Those Who Wish to Grow, Serve

My last post looked into your formal team, your workplace-centered lifeline support group. While that team may be the final ring of the continuous learning circle, it doesn’t signal the end of your learning journey.
If you’re going to be the kind of lifelong learner who embodies the self-directed behaviors the experts we worked with have identified as essential to economic self-sufficiency in the 21st century – and more importantly, if you're going to grow as a human being – you can’t be too busy or too important to teach others in service of causes greater than yourself.
In other words, there are two more ideas you have to embrace to realize your career and life potential: 1) In service lies growth, and 2) By teaching, you will gain a deeper understanding of what you teach.
To Serve and Grow
No decision in my life has done more for my own professional growth than starting my foundation, Greenlight Giving, and dedicating more of my focus to the power of serving others. My family decided our winter holiday vacation would be a trip to Guatemala – an opportunity that grew out of my work with the wonderful nonprofit Cultural Embrace. What struck us was that poverty in Guatemala had a different face than back in the U.S. It was amazing how open and happy these kids who had so little were. But they still somehow managed to be happy without material possessions or even enough sustenance. And we were surprised at how little it would take for us to provide for each child's schooling and living costs for an entire year.
I began raising money from our network to expand our service in Antigua, providing annual assistance gifts for the orphans and families we met. Soon, clients and friends were joining us, and it was just as transformative for them.
Greenlight Giving, now formalized, started staging conferences where we taught folks in need of the same strategies we've long taught Global 1000 teams, from self-directed learning to networking and enacting relationship plans. The enthusiasm was incredible. Guatemalan kids who had never imagined a life beyond their hardscrabble existence were suddenly thinking about who could join their learning networks in the village or at school and what new goals they could strive for.

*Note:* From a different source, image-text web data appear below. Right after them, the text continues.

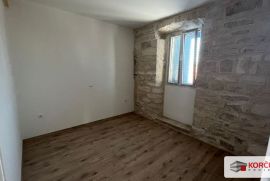 Prodaje se stan na katu zgrade u Žrnovu, Korčula, Appartement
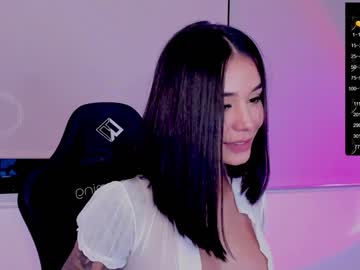 girl
        candyred88 cam image #2709509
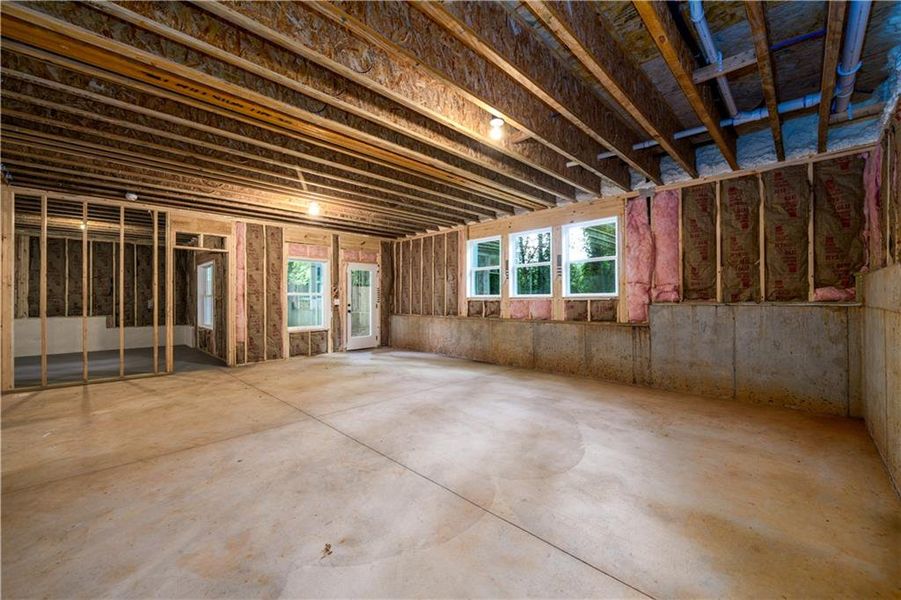 Spacious, unfurnished interior of a new home in , Atlanta (Image 40).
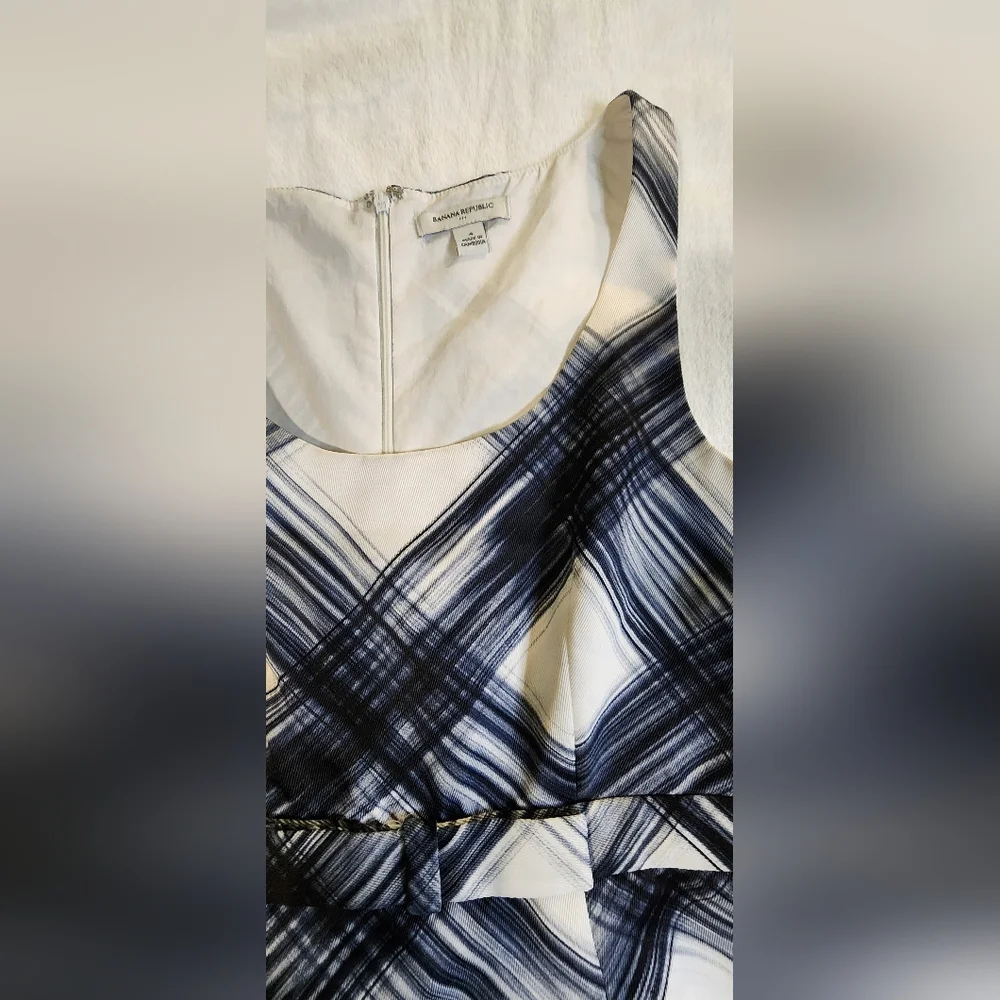 Banana Republic Fit And Flare Midi Dress, Navy Blue and White, EUC, Size‎ 4 - Picture 2 of 8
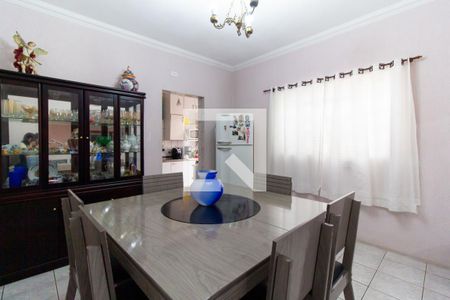 Casa à venda com 212m², 2 quartos e 1 vagaSala de Jantar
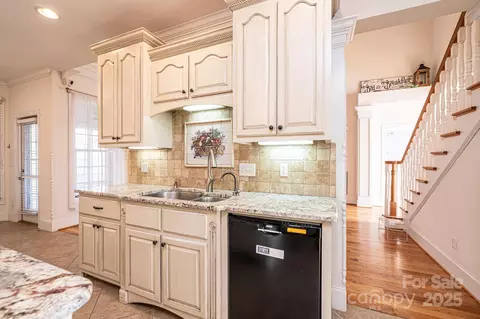 Kitchen - 6331 Dwayne Starnes Dr, Hickory, NC 28602 photo 5 of 6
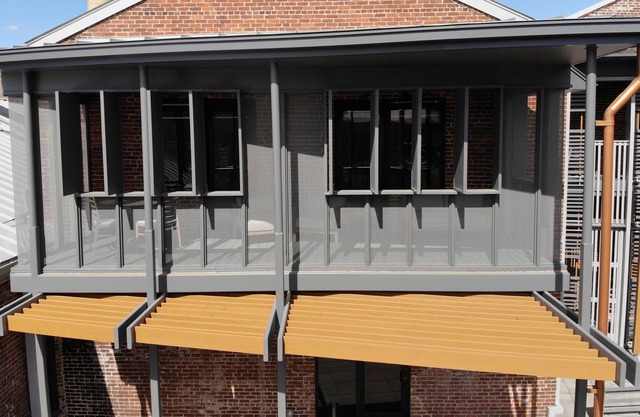 2 BR luxury suite w/ screened in porch; walkable to bars and restaurants.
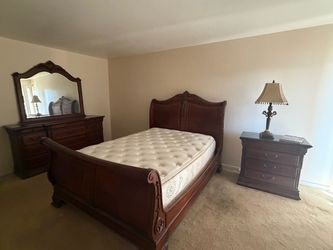 Cherry Wood Sleigh Bedroom Set
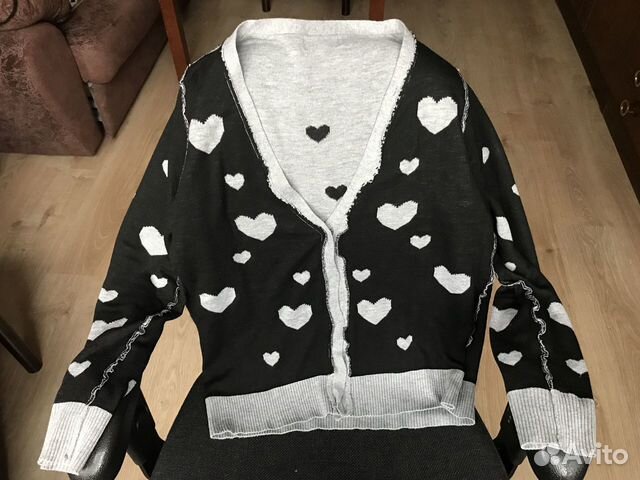 Кофта с сердечками размер М (44) Кофта с сердечками размер М (44)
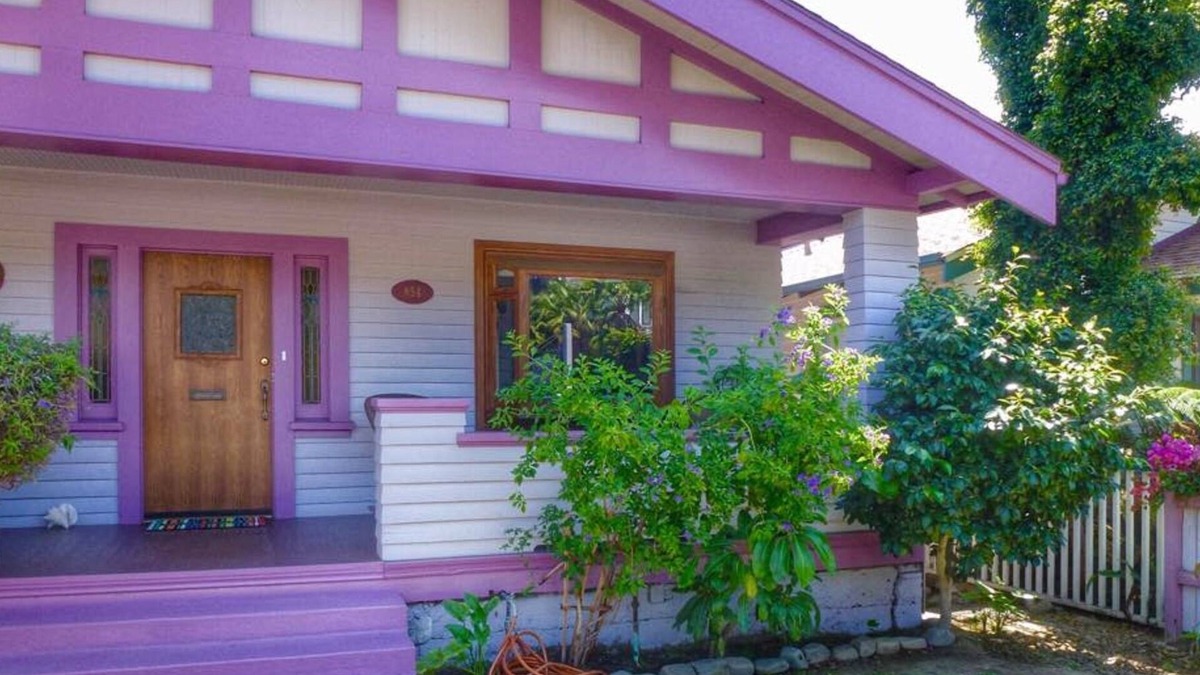 Ventura House | Purple Moon Sea Breeze Cottage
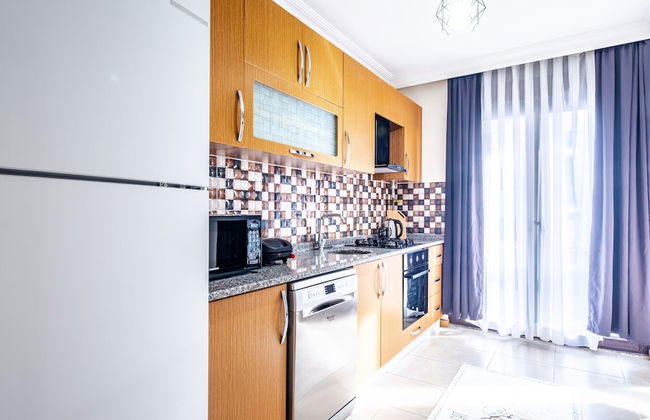 Flat in Maltepe With Balcony Near Shopping Malls - Foto 13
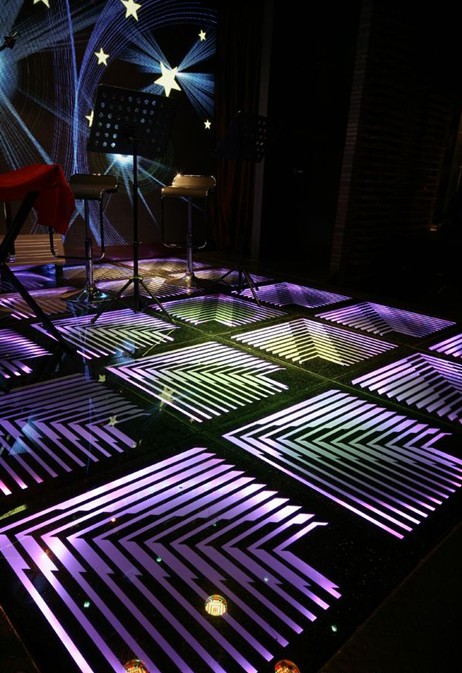 豐富的空間韻律 佳木斯市萊茵河畔演藝吧設(shè)計欣賞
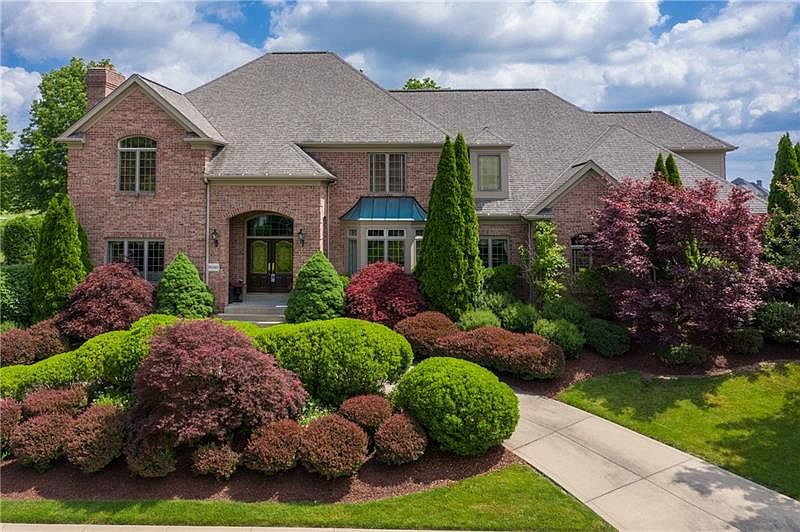 1st image of 8040 Sherwood Dr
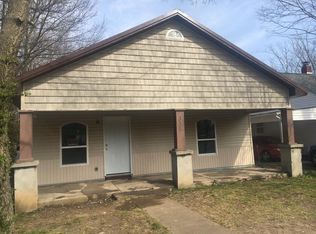 335 N Maple Ave, Joplin, MO 64801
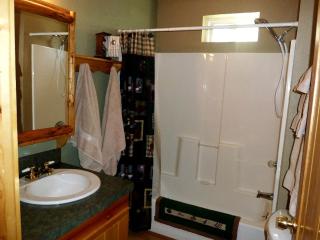 Cabin Rental with Riverfront Hot Tub near Leavenworth, Washington - Leavenworth - 5
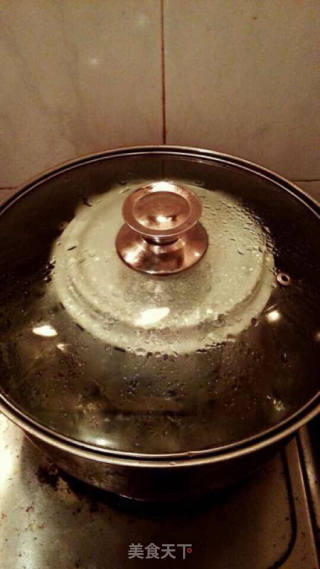 牛奶炖鱼胶的做法步骤：4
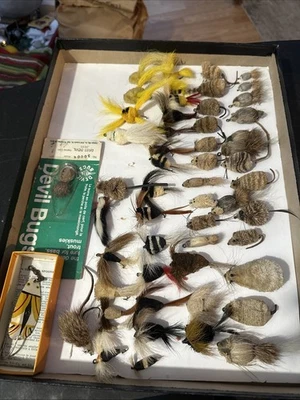 De colección Weber And Tuttle's Fly Rod Devil Bugs And Mouse Frog Colección En Estuche Foto 1 de 4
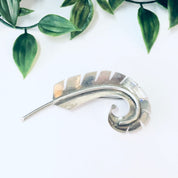 Vintage Pin, Vintage Brooch, Silver Brooch, Vintage Jewelry, Feather Pin, Feather Jewelry, Abstract Jewelry, Curved Feather, Statement Pin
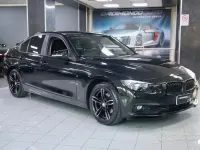 Usata BMW 318 Advantage 150 CV (110 kW) 2016 Nero Berlina
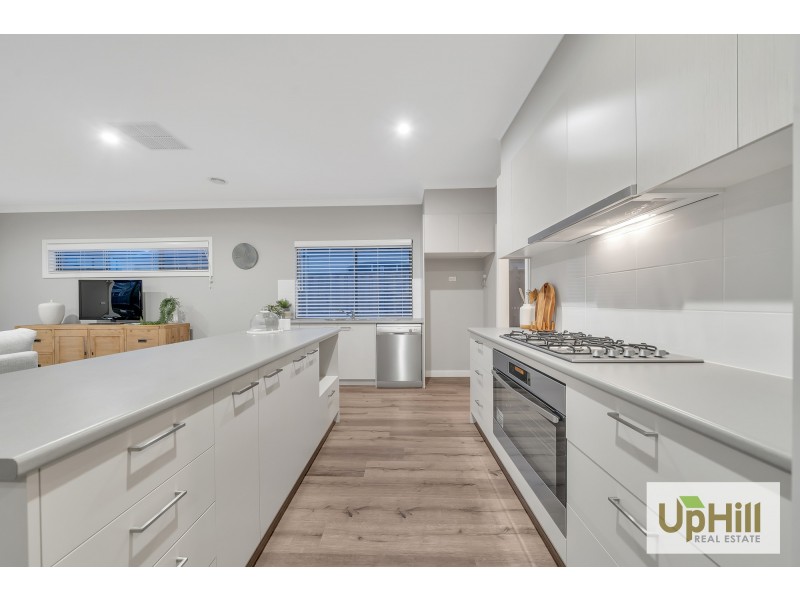 32 WELSH CRESCENT, Clyde North VIC 3978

And our Guatemala work was just the beginning.
There's also Words2Life, a Greenlight Giving program that reaches out to at-risk youth through music and storytelling. Words2Life helps kids – many of them in the foster care system – find their voice through poetry, rap and creative actions. Through the program, they develop a network of mentors and role models to move their lives in positive directions.
Coaching and Growing
One of the reasons Ferrazzi Greenlight, as an organization, and Greenlight Giving, which shares Ferrazzi Greenlight's methods, are successful at driving people to change behaviors is because we don’t just teach – we coach people as they embark on real work that, not by accident, replaces old, addictive, bad behaviors. Our immersive “mission-based” system helps people do what they're trying to learn with the help of more experienced peers who coach them. And an incredibly important part of what helps people really master the new behaviors is that peer-to-peer coaching.
As I mentioned earlier, a key tenet of your continuous learning circle is this: To finish learning something, you’ve got to go teach it. If you can’t teach it, then it’s not really something you know.
For example, one of the things Ferrazzi Greenlight works on with client leadership teams is how to be better leaders and engage more deeply with employees, who in turn become better equipped to engage customers. But it's difficult to train folks to do that if you’re not doing that every day yourself.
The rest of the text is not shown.